**Description of the task**:
This task calls for copying every line of the records that includes the word "baseboards".

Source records

====

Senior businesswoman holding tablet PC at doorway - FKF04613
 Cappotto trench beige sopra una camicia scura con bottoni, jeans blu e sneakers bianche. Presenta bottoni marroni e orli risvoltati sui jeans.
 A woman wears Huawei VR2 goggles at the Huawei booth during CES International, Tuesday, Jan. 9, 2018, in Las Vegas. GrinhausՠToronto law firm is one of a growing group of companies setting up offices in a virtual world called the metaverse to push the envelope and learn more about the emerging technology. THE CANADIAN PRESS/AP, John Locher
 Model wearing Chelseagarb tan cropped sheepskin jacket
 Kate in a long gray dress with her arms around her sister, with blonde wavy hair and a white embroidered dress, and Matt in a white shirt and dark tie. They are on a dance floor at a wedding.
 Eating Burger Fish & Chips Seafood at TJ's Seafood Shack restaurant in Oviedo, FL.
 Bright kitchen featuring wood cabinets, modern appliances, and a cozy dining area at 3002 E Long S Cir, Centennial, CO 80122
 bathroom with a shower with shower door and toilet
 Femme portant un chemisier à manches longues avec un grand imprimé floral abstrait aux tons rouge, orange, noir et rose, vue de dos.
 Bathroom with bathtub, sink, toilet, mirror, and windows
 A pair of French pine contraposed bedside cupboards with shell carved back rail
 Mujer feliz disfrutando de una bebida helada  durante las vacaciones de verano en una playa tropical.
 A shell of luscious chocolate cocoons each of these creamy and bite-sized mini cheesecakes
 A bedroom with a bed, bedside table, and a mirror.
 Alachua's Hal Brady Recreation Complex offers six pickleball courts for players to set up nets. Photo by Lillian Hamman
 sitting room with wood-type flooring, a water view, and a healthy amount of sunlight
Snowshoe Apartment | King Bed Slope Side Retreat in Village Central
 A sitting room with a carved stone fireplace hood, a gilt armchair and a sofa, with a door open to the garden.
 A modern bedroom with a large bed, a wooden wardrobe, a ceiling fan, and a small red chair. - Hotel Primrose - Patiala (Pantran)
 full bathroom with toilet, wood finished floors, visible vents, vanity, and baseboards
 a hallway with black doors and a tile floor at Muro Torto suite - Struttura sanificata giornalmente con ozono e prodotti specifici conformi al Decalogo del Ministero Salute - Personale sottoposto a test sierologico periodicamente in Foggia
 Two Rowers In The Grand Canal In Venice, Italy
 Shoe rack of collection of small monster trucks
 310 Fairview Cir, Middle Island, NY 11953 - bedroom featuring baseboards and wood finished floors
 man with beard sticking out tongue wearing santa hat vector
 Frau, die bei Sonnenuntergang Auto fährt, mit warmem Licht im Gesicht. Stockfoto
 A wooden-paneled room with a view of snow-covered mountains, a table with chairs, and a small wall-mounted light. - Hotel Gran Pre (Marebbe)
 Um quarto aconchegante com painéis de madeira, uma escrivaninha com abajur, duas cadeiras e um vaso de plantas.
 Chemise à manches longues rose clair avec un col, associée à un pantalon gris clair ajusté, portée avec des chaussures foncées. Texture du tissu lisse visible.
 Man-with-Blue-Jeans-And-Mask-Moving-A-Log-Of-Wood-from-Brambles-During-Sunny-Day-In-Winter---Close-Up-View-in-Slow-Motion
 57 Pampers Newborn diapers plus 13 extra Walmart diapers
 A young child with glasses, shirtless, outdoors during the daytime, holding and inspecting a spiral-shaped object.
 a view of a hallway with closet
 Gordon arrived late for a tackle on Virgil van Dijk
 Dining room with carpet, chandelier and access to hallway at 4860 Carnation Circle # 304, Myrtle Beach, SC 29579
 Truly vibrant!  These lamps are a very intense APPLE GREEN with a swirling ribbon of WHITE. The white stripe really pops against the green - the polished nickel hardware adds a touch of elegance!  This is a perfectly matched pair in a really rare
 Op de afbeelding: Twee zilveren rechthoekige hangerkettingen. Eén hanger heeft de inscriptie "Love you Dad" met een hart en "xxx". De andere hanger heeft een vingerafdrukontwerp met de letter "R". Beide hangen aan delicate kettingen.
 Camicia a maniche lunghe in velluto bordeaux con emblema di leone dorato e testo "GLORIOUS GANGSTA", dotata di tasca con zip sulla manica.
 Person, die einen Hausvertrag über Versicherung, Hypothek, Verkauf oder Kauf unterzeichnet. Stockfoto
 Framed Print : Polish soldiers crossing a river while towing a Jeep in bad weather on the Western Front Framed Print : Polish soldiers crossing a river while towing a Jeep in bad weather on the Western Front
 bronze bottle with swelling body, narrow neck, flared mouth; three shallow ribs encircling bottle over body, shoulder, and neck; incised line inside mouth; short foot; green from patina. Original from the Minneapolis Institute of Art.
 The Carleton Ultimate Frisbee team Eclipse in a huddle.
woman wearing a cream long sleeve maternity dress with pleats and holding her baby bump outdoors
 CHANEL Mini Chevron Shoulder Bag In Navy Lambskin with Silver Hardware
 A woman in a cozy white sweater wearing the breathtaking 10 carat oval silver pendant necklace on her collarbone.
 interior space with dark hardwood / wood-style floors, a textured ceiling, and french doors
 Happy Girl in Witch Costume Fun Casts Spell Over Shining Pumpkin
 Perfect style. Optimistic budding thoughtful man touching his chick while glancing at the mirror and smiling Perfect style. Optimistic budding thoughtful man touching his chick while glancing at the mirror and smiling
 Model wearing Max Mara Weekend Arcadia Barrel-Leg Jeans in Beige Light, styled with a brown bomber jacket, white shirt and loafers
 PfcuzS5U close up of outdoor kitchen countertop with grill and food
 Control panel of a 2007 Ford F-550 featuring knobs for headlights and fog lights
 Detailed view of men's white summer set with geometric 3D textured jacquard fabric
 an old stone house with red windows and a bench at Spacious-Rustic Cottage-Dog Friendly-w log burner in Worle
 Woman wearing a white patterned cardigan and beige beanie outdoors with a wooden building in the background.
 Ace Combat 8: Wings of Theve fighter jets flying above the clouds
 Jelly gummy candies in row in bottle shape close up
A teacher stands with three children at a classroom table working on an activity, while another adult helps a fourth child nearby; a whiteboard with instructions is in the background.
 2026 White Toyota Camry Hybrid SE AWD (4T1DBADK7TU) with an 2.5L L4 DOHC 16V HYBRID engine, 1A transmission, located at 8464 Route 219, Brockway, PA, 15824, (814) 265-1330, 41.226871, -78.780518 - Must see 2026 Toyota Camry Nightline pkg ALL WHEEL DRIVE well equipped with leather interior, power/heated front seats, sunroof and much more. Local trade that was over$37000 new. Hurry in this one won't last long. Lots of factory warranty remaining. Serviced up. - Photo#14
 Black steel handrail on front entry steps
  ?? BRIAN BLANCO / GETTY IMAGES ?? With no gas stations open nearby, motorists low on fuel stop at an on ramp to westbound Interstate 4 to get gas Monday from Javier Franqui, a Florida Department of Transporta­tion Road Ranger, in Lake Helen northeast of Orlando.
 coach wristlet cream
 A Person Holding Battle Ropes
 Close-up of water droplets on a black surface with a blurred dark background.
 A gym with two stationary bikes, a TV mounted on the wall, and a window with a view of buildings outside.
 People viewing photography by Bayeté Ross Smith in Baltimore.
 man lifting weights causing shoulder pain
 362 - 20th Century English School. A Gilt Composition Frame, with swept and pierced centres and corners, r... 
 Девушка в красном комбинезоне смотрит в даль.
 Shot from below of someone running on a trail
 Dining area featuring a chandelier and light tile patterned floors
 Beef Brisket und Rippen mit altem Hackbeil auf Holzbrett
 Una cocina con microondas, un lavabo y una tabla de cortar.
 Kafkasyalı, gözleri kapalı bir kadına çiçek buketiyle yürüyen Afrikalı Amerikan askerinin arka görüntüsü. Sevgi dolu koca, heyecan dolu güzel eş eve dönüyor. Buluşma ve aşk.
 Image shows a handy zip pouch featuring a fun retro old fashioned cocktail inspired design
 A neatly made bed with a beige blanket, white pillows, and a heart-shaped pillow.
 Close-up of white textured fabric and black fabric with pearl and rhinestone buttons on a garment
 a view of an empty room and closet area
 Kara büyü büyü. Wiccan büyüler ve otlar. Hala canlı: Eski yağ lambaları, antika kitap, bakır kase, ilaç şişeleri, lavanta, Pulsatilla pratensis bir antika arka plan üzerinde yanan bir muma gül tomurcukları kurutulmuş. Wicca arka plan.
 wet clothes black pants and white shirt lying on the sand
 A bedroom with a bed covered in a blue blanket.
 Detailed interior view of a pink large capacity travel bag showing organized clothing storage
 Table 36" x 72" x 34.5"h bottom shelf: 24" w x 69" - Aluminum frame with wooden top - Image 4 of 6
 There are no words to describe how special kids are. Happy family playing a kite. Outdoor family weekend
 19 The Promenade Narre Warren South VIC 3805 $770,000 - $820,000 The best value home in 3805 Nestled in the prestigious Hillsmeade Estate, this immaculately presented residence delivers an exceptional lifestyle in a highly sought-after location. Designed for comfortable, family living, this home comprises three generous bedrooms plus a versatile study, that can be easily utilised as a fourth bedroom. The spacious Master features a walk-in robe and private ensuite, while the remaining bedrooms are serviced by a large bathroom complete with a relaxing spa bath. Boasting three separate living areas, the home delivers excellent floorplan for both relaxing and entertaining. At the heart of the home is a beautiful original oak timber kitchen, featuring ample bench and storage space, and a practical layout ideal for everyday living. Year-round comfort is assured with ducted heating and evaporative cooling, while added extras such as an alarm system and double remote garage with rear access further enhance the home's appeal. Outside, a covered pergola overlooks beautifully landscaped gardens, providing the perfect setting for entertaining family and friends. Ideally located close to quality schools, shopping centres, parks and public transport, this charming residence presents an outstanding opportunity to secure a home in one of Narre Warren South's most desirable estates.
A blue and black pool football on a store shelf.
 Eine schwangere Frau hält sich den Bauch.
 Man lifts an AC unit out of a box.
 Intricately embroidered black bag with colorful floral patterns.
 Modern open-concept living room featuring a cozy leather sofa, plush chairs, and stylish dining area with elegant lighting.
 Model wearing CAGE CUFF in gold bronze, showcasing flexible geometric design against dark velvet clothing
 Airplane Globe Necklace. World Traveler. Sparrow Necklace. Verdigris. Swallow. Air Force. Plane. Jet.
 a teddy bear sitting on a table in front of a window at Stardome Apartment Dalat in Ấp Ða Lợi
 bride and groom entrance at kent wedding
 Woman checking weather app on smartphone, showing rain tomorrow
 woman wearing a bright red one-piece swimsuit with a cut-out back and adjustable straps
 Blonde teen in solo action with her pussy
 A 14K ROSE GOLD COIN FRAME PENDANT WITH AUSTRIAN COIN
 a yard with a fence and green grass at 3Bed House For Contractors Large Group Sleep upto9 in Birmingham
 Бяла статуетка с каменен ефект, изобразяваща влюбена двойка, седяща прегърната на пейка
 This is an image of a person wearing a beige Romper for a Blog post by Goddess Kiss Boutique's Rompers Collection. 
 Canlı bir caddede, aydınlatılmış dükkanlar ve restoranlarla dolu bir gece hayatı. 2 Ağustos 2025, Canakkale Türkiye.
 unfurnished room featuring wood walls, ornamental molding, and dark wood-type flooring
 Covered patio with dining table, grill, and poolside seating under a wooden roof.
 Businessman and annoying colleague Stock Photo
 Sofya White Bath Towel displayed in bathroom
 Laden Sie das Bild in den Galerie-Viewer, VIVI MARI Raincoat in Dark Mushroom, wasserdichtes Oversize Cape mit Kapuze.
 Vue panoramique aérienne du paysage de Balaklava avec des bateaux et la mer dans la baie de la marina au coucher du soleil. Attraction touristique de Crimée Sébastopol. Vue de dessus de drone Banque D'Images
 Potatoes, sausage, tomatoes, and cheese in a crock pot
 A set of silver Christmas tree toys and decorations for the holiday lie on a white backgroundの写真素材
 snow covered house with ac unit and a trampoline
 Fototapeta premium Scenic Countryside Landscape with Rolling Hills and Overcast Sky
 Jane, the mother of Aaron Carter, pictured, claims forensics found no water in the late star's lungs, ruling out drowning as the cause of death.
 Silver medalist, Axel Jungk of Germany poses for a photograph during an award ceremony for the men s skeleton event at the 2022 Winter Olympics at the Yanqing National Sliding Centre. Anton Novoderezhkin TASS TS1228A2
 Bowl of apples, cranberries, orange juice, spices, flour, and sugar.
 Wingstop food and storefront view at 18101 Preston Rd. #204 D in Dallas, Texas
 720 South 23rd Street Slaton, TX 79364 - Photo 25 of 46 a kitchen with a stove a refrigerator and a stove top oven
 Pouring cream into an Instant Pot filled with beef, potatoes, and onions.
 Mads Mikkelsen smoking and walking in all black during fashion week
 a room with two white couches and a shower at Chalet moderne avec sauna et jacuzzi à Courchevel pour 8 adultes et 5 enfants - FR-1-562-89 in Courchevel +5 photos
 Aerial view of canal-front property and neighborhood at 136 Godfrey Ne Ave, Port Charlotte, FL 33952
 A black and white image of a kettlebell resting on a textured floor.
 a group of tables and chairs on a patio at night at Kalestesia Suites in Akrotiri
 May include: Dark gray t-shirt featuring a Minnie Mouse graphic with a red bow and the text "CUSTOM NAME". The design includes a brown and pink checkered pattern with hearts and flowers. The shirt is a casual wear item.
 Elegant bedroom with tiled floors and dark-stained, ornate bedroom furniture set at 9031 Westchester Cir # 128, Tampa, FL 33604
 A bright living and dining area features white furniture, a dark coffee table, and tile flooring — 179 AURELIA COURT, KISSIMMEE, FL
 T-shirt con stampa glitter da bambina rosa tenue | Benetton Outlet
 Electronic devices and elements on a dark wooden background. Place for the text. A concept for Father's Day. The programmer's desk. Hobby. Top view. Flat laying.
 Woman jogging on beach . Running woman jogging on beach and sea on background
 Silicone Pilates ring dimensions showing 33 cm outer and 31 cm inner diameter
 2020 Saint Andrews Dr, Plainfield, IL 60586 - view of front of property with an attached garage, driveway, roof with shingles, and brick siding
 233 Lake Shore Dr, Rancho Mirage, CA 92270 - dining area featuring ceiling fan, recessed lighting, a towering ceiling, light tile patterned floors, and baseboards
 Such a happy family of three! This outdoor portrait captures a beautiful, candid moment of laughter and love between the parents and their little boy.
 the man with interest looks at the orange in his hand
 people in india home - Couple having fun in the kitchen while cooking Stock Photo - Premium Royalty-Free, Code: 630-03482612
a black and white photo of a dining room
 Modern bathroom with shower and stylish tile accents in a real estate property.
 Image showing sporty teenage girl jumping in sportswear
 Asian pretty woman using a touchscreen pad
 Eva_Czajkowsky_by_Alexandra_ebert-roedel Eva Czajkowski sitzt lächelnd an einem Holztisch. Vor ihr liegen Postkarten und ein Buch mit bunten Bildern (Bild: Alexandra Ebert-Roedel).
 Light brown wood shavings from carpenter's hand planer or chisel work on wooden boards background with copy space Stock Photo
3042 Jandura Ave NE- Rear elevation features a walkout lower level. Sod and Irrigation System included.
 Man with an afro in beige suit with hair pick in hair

====

**Reply to the exercise**:
 full bathroom with toilet, wood finished floors, visible vents, vanity, and baseboards
 310 Fairview Cir, Middle Island, NY 11953 - bedroom featuring baseboards and wood finished floors
 233 Lake Shore Dr, Rancho Mirage, CA 92270 - dining area featuring ceiling fan, recessed lighting, a towering ceiling, light tile patterned floors, and baseboards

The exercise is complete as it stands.